Evidence has recently been uncovered revealing that the U.S. Food and Drug Administration (FDA) routinely manipulates the media to protect the agency’s own interests – or more specifically, those of Big Pharma.
Scientific American has obtained documents through the Freedom of Information Act that cast light on the agency’s use of numerous techniques it uses to control the flow of information to the public by imposing restrictions on the scientific press and mass media outlets.
‘Close-hold embargoes’ for the press allow the FDA to control the narrative
One of the main ways this is accomplished is through the imposition of what are termed “close-hold embargoes,” which allow selected members of the press to receive advance information about upcoming announcements and agency activities.
From Mint Press News:
“The biggest tactic is the ‘close-hold embargo,’ where they invite a select few news sites to a briefing about the to-be released information with conditions. They stipulate that the journalists have to surrender their reportorial independence by agreeing to only speak with sources approved by their agency.”
These types of press embargoes are variations on a theme established as far back as the 1920’s, that have generally served the worthwhile purpose of allowing individual press outlets to have equal opportunity to research stories in advance of upcoming information releases without being “scooped” by other outlets.
From Scientific American:
“A surprisingly large proportion of science and health stories are the product of embargoes. Most of the major science journals offer reporters advance copies of upcoming articles—and the contact information of the authors—in return for agreeing not to run with the story until the embargo expires. …
“But scientific institutions soon realized that embargoes could be used to manipulate the timing and, to a lesser extent, the nature of press coverage. The result is a system whereby scientific institutions increasingly control the press corps.”

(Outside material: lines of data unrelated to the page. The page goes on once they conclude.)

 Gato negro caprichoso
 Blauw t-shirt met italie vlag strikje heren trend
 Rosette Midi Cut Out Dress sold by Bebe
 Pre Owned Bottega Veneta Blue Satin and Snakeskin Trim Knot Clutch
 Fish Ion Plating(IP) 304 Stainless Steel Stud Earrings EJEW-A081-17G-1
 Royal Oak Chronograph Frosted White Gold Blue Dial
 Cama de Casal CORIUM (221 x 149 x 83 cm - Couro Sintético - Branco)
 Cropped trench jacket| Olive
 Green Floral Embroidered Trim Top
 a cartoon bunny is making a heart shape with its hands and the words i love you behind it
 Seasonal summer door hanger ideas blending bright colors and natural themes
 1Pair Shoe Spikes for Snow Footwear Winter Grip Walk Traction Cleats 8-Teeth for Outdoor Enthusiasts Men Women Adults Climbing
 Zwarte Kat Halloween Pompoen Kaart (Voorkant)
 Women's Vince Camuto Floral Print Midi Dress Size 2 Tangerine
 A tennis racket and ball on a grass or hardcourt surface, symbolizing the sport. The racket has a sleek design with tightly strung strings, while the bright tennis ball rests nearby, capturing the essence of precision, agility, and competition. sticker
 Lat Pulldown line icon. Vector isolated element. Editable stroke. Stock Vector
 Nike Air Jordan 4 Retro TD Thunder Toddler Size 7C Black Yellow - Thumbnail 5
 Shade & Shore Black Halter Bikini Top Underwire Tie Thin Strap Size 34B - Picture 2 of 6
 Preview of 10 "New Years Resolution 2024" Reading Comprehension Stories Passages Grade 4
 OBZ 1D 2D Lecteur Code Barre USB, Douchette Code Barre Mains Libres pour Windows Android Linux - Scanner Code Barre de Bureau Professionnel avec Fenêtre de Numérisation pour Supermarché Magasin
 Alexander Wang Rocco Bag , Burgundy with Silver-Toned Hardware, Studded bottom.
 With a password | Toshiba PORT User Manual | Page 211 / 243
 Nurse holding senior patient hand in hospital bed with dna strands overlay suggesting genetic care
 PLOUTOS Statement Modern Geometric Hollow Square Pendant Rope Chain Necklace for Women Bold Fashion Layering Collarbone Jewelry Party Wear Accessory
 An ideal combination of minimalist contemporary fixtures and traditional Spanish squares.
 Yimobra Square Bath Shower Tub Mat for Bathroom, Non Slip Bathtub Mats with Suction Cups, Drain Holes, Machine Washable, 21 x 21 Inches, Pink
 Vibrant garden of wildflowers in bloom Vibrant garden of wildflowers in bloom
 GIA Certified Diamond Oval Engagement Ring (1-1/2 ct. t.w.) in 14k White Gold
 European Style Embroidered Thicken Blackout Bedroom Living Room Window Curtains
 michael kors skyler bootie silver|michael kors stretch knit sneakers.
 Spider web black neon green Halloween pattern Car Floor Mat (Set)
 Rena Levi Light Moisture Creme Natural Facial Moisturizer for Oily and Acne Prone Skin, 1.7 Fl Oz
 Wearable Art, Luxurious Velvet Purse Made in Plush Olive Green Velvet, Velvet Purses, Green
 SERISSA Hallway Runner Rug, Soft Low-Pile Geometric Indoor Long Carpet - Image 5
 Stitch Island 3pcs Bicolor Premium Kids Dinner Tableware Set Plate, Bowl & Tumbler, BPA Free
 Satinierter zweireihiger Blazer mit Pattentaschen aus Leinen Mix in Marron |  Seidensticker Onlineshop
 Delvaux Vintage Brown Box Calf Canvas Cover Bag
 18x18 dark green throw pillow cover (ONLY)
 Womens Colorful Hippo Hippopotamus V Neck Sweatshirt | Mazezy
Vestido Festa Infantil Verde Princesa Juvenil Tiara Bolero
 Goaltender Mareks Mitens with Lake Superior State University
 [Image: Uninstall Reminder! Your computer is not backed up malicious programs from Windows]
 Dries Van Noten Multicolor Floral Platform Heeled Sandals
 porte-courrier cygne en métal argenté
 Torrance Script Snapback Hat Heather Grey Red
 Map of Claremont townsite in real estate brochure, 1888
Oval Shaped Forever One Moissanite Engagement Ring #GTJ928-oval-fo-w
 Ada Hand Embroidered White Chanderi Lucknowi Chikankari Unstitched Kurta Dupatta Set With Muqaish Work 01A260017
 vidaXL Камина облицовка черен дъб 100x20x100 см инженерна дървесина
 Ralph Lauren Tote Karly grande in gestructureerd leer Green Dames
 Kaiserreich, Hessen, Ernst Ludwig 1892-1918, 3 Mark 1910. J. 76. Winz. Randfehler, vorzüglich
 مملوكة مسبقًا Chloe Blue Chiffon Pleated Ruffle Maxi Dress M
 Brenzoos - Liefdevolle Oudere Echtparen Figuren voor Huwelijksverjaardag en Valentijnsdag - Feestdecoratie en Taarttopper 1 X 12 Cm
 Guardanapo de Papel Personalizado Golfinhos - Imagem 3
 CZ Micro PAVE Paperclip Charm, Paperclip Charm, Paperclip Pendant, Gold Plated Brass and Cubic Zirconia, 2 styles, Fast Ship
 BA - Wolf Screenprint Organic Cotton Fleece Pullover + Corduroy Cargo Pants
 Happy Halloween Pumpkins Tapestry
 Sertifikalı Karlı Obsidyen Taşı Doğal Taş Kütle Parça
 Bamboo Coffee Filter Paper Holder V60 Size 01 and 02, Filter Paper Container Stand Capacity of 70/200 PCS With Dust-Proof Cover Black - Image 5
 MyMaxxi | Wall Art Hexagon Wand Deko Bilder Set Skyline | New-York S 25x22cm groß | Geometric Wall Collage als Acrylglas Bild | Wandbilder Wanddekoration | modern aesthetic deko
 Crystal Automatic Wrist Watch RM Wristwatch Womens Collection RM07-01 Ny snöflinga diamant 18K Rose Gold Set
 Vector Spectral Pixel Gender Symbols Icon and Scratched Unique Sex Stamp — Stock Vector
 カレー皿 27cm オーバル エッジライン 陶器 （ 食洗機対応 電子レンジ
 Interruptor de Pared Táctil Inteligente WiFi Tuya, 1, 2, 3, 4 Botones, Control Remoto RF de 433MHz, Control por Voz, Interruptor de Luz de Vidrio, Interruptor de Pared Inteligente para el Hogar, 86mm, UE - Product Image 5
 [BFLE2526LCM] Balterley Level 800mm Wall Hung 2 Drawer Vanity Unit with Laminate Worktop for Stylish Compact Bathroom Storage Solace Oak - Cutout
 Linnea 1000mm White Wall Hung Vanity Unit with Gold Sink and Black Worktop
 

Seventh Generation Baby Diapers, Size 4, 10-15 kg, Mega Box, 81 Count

Hence the emergence of the close-hold embargo, which prohibits those in the press who agree to them from talking to unapproved independent sources, in exchange for privileged access to briefings that reflect only the FDA’s slant on the story.
The close-hold embargoes also prevent reporters from revealing that they agreed to such terms and from talking about the embargoes at all. Those who dare to violate the terms are banned from any further access to such advance briefings.
The FDA carefully picks a handful of media outlets to which it offers such access in the first place. Journalists must prove that they are willing to play the game according to FDA rules or else they are left out in the cold.
When the announcements are finally made public, the FDA lapdog media outlets already have their stories prepared – according to the FDA narrative – and those stories generally set the tone for the rest of the media to follow.
Who is the FDA really working for?
It’s an insidious and highly effective way for the FDA to control public opinion through manipulating the press, and it contradicts everything the agency is supposed to stand for.
The FDA’s job is to protect public health, not to protect Big Pharma through manipulating the media.
How have we allowed this monster to be created? The mere suggestion that the FDA would stoop to such dirty tactics should be grounds for a full congressional investigation, and there’s far more here than than just a suggestion – there’s solid proof in the documents obtained by Scientific American.
There’s also the testimony of a few journalists who are willing to acknowledge the use of these tactics, including a New York Times reporter and others from major media outlets.
The evidence is there, but unfortunately very few people are even taking notice.